Partial Pooling • vrcmort

Why partial pooling matters

In many conflict mortality applications you have a small number of regions (for example five), and the data quality may vary sharply across them.

A fully pooled model (one coefficient shared across regions) can be too rigid: it forces conflict to have the same effect everywhere.

A fully separate model (fit each region independently) can be too noisy: sparse regions can produce extreme estimates driven by reporting artefacts.

Partial pooling is the compromise: each region gets its own effect, but regions share information through a hierarchical prior.

vrcmort uses partial pooling in several places by default (for example region random intercepts), and also allows partial pooling for conflict effects.

Region random intercepts

Both the mortality and reporting submodels include region-level random intercepts by cause group.

For mortality:

$u^{(\lambda)}_{r,g} \sim \mathcal{N}(0, \sigma^{(\lambda)}_{u,g}).$

For reporting:

$u^{(\rho)}_{r,g} \sim \mathcal{N}(0, \sigma^{(\rho)}_{u,g}).$

These terms capture persistent differences between regions (baseline death rates and baseline completeness) that are not explained by covariates.

Partial pooling for conflict effects (random slopes)

A core extension in vrcmort is allowing the conflict effect to vary by region.

Mortality side

Instead of a single conflict effect $\beta_{conf,g}$ , we allow:

$\beta_{conf,r,g} = \beta_{conf,g} + b^{(\beta)}_{r,g},$

where

$b^{(\beta)}_{r,g} \sim \mathcal{N}(0, \sigma_{\beta,g}).$

This lets conflict have a stronger association with true mortality in some regions than others, while shrinking weakly informed regions back towards the global mean.

In the Stan program the region-specific effects are parameterised as a non-centred random effect for better sampling.

Reporting side

Similarly, the effect of conflict on reporting completeness can vary by region:

$\gamma_{conf,r,g} = \gamma_{conf,g} + b^{(\gamma)}_{r,g}, \quad b^{(\gamma)}_{r,g} \sim \mathcal{N}(0, \sigma_{\gamma,g}).$

This is useful when some regions experience a much sharper collapse in registration after conflict starts.

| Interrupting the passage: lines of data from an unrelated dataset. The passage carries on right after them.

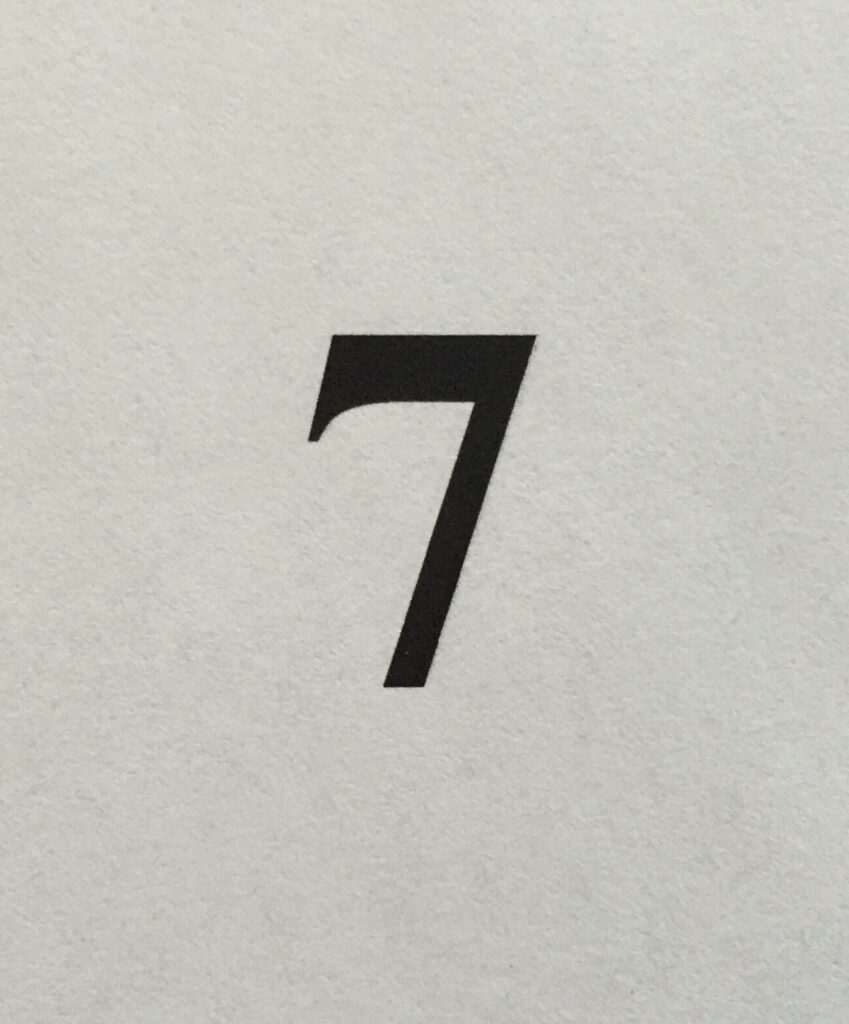 Large number 7 representing seven practical steps for filing your income tax return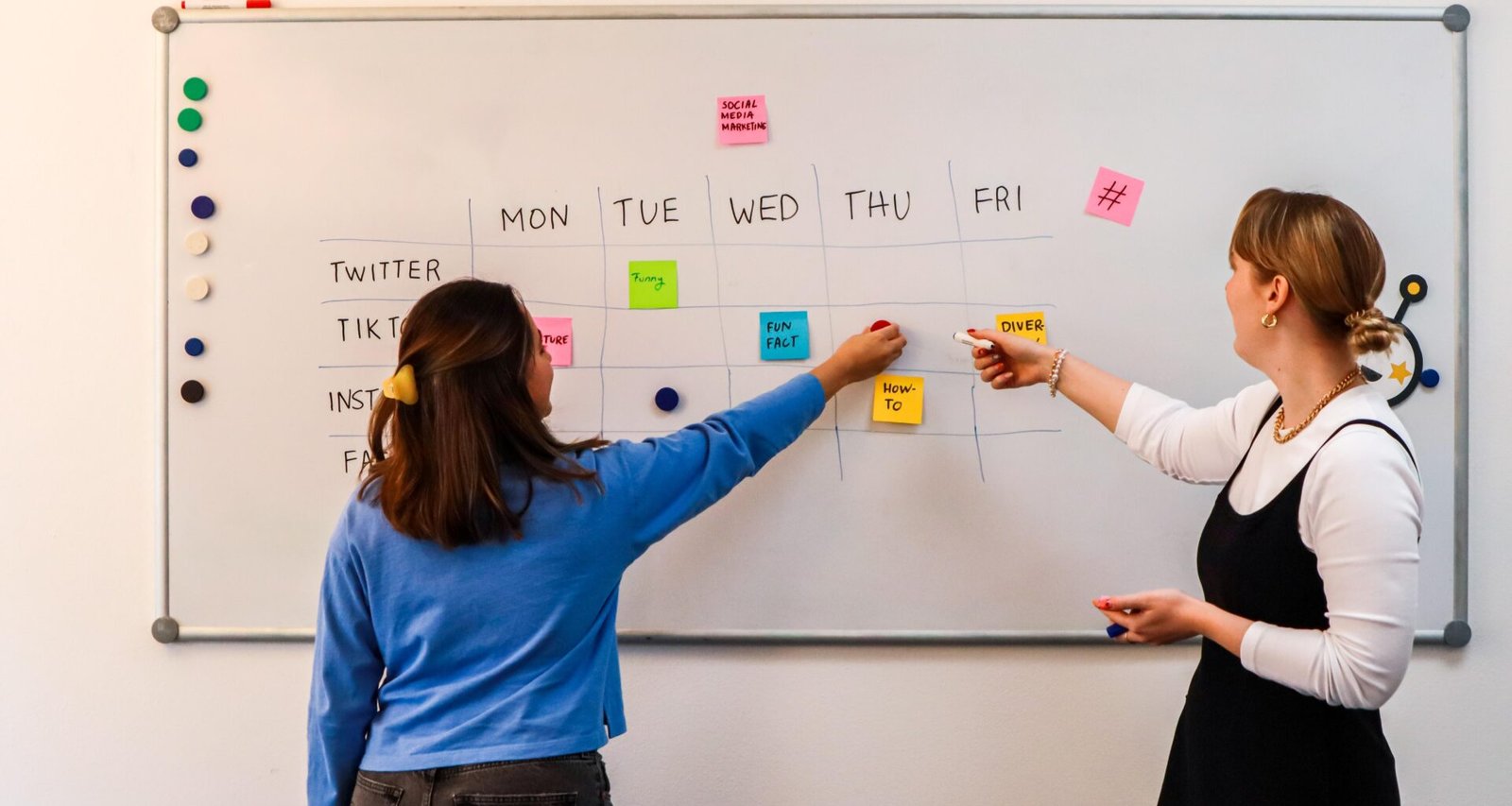 Zwei Frauen schreiben an einem Whiteboard mit vielen bunten Klebezetteln während einer Teambesprechung.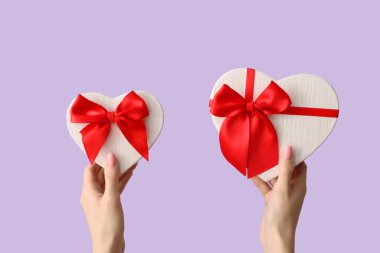 Leylak arka planında kalp şeklinde hediye kutuları olan kadın elleri. Sevgililer Günü kutlaması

Region-specific time trends

The base model includes national random walks in time for both mortality and reporting.

In many conflict settings, you also want region-specific departures from the national trend. vrcmort supports this by adding a region-specific random walk deviation around the national time effect.

Conceptually:

$v^{(\lambda)}_{t,g} + v^{(\lambda,reg)}_{r,t,g}$

and

$v^{(\rho)}_{t,g} + v^{(\rho,reg)}_{r,t,g}.$

These terms can absorb local shocks (for example temporary outages or spikes) without forcing all regions to move together.

How to specify pooling in vrcmort

Pooling options are controlled through the component specifications passed to vrcm().

library(vrcmort)

# Region-varying conflict effects and region-specific time trends
mort_pp <- vrc_mortality(~ facility, conflict = "region", time = "region")
rep_pp  <- vrc_reporting(~ facility, conflict = "region", time = "region")

fit_pp <- vrcm(
  mortality = mort_pp,
  reporting = rep_pp,
  data = vr_long,
  t0 = conflict_start_month,
  chains = 4,
  iter = 1000
)

# Extract region-specific conflict effects
vrc_conflict_effects(fit_pp, component = "mortality")
vrc_conflict_effects(fit_pp, component = "reporting")

Practical advice

If you have only a few regions, partial pooling is usually safer than fitting separate models.
If reporting collapse clearly differs by region, allowing region-varying conflict effects in the reporting model is often important.
Region-specific time trends can be valuable, but they add parameters. If sampling becomes difficult, start with national trends only and add region-specific trends later.